慶應義塾大学
2016年度 春学期
Operating Systems
第13回 5月23日 ハイパーバイザー
Lecture 13, May 23: Hypervisors and Virtual Systems
What do a matryoshka doll and a fukuruma doll have to do
with operating systems?
(Images from www.cse.ucsd.edu/~saul/images/matryoshka.jpg and
http://russian-crafts.com/nest/history/fucu.jpg.)
Outline
- Basic principle of virtualization
- Uses of virtualization
- History of virtualization
- Virtualization architectures
- Implementing virtualization
- Is a VMM just an OS?
- Security
- Multicore and parallel VMM
- Related approaches
Basic Principle of Virtualization
- VMware, Parallels and Xen are common virtual machine monitors.
- Virtualization lets you run multiple virtual hosts running
same or different OSes, or to migrate virtual servers to new
hardware.
- Virtualization goes back to IBM in the 1960s, and was
formalized in the 1970s by Popek and Goldberg.
We have already discussed virtual memory. What if we decide to
virtualize more of the hardware? How about all of the
hardware? If virtualizing some of it was a good idea, why not all of
it?
How many of you have used VMware, Parallels or
Xen? (VMware, by the way, claims to be the fastest-growing
software company in history.) Then you have used a virtual machine
(VM) and virtual machine monitor (VMM). Because an
operating system usually runs in supervisor mode, VMMs are also
referred to as hypervisors.
The basic goal of a hypervisor is to allow multiple operating systems
to run on the same hardware at the same time. This is
not simply dual boot, but dynamic sharing of the CPU,
memory and other resources, the same as different processes share the
system in a multitasking OS. Moreover, the different instances of the
operating systems, known as guest OSes can be
heterogeneous.
In 1974, Popek and Goldberg defined it this way (adapted):
"A virtual machine is taken to be an efficient, isolated
duplicate of the real machine...As a piece of software, a VMM
[virtual machine monitor] has three essential characteristics.
- First, the VMM provides an environment for programs which is
essentially identical with the original machine;
- second, programs run in this environment show at worst only
minor decreases in speed; and
- last, the VMM is in complete control of system resources."
Today, we would augment/relax those conditions:
- The VMM provides an abstract machine environment, for
each VM, but it is not necessarily the same as the underlying
hardware environment, and probably not the same for each VM.
- Virtual machines must be isolated from one another. (Implicit
in the third item above, should be explicit.)
- Different guest operating systems must be supported. (Again,
perhaps not really necessary.)
- The VMM must provide efficient access to external networks, and
efficient communication mechanisms between VMs on the same or
different hardware (e.g., via a virtual, emulated network internal
to the VMM).
Uses of Virtualization
There are many good reasons to want a virtual machine environment:
- Run different OSes (Windows and Linux)
- Version management for supporting software
- Shipping complete software environments
- Migrating/load balancing virtual servers
- Security isolation
All of these can be classified as one of three basic forms of use:
- workload isolation
- workload consolidation
- workload migration
Below is an image of VMware's Vmotion, which allows live migration
of a server from one physical machine to another.
History of Virtualization
You may not realize that virtual machine technology actually goes back
to the 1960s.
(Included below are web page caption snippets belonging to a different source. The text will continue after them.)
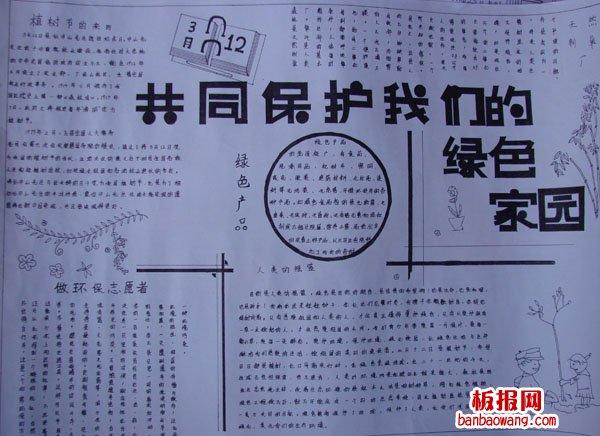 绿色家园植树节手抄报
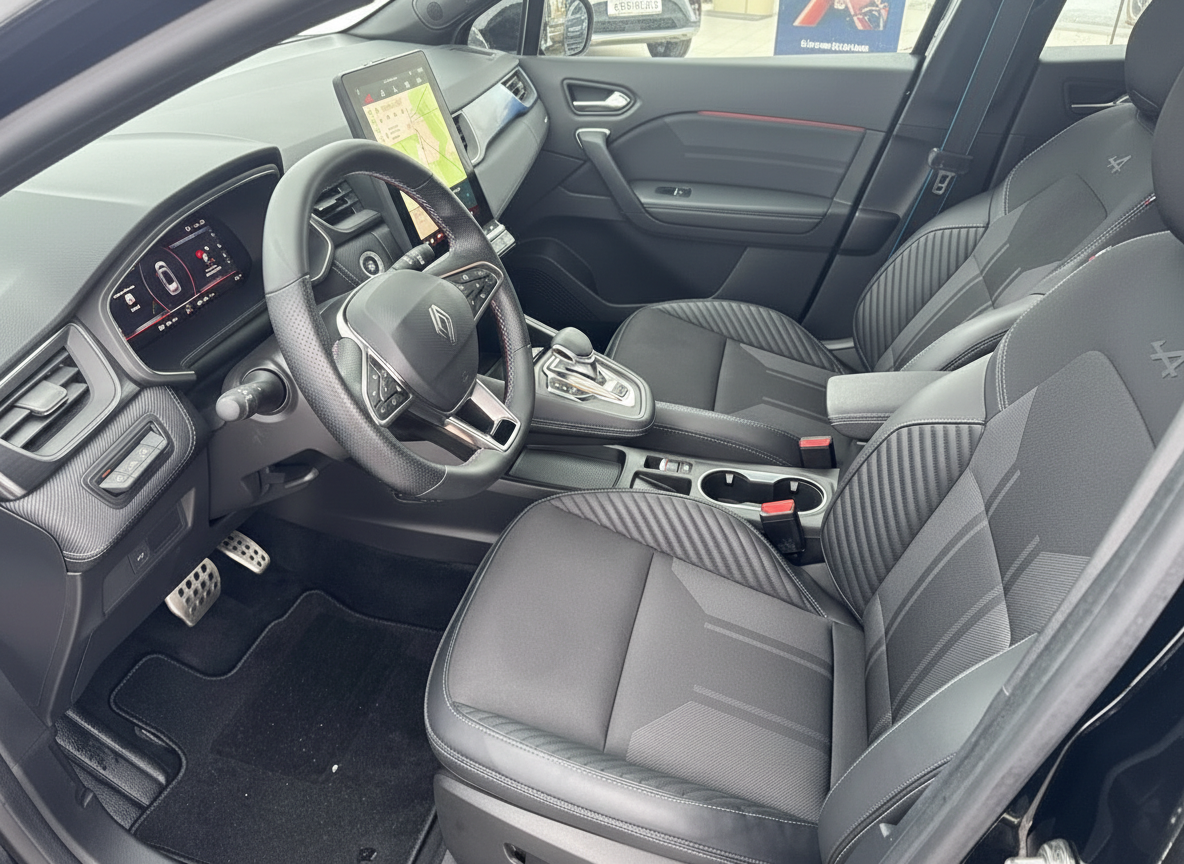 Renault Innenraum mit schwarzen Ledersitzen, Digitaltacho und großem Touchscreen-Navigationssystem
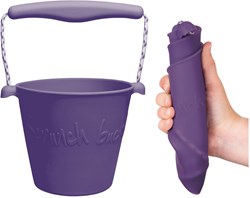 Scrunch secchiello giocattolo viola pieghevole silicone spiaggia bambini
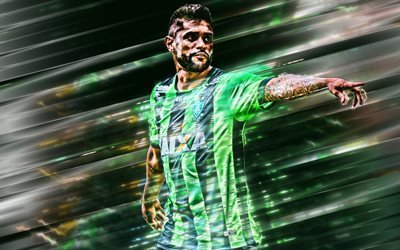 Luan, 4k, America Mineiro, Brazilian footballer, creative art, blades style, Serie A, Brazil, green background, lines art, football, Luan Michel de Louza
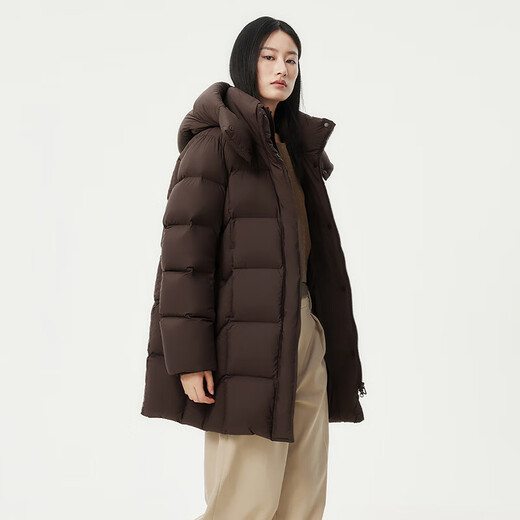 Tambor Down Jacket Women's Medium Long Removable Hood Loose Warm Versatile Jacket 530558V Chocolate 165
The original goal of IBM's VM was to completely
virtualize the underlying hardware. IBM had the distinct advantage
that it could change both the hardware and the software. Their
primary goal was sharing of the hardware for legacy software; the
pre-existing APIs gave applications (typically large databases) very
direct access to the device controllers, and they wanted to preserve
the customers' investment in that software while making the hardware
shareable, in order to bring down total cost of ownership (TCO).
Virtualization Architectures
- Truly recursive virtual machine v. single-layer
- Host OS/Guest OS architecture v. true virtual machine monitor
IBM's VM abstracted the hardware so completely that it was possible to
run another copy of VM inside of it. My OS professor, Kim
Korner, told of running them thirty deep, something like a
matryoshka doll or fukuruma doll. For most purposes,
this depth of nesting is unnecessary: what we really want is to run
two OSes, or to migrate a server or user environment from one place to
another.
IBM's ability to control the hardware had a huge advantage: they
didn't have to worry about thousands of different types of
peripherals, odd trap semantics and page tables, etc. The biggest
initial hurdle to a truly useful VMM is that plethora of peripherals.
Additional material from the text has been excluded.